══ Supplied data ══
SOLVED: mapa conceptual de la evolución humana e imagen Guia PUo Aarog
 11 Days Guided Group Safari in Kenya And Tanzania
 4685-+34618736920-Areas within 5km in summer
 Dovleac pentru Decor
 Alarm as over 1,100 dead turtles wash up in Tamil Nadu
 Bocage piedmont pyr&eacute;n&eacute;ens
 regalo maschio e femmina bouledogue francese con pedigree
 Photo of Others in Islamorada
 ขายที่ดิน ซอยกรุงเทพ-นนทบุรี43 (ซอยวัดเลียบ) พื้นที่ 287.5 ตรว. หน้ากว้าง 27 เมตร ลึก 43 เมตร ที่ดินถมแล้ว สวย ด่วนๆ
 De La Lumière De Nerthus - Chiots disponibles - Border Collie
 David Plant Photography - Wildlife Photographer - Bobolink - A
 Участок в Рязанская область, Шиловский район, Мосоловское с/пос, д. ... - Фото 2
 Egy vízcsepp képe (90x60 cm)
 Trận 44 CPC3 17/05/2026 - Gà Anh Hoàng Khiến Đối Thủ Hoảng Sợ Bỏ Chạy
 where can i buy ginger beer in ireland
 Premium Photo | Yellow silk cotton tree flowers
═══
- Work instruction -
From the line holding "11 Days Guided" to the last line of the records, quote each line exactly and add nothing.

- Response below -
 11 Days Guided Group Safari in Kenya And Tanzania
 4685-+34618736920-Areas within 5km in summer
 Dovleac pentru Decor
 Alarm as over 1,100 dead turtles wash up in Tamil Nadu
 Bocage piedmont pyr&eacute;n&eacute;ens
 regalo maschio e femmina bouledogue francese con pedigree
 Photo of Others in Islamorada
 ขายที่ดิน ซอยกรุงเทพ-นนทบุรี43 (ซอยวัดเลียบ) พื้นที่ 287.5 ตรว. หน้ากว้าง 27 เมตร ลึก 43 เมตร ที่ดินถมแล้ว สวย ด่วนๆ
 De La Lumière De Nerthus - Chiots disponibles - Border Collie
 David Plant Photography - Wildlife Photographer - Bobolink - A
 Участок в Рязанская область, Шиловский район, Мосоловское с/пос, д. ... - Фото 2
 Egy vízcsepp képe (90x60 cm)
 Trận 44 CPC3 17/05/2026 - Gà Anh Hoàng Khiến Đối Thủ Hoảng Sợ Bỏ Chạy
 where can i buy ginger beer in ireland
 Premium Photo | Yellow silk cotton tree flowers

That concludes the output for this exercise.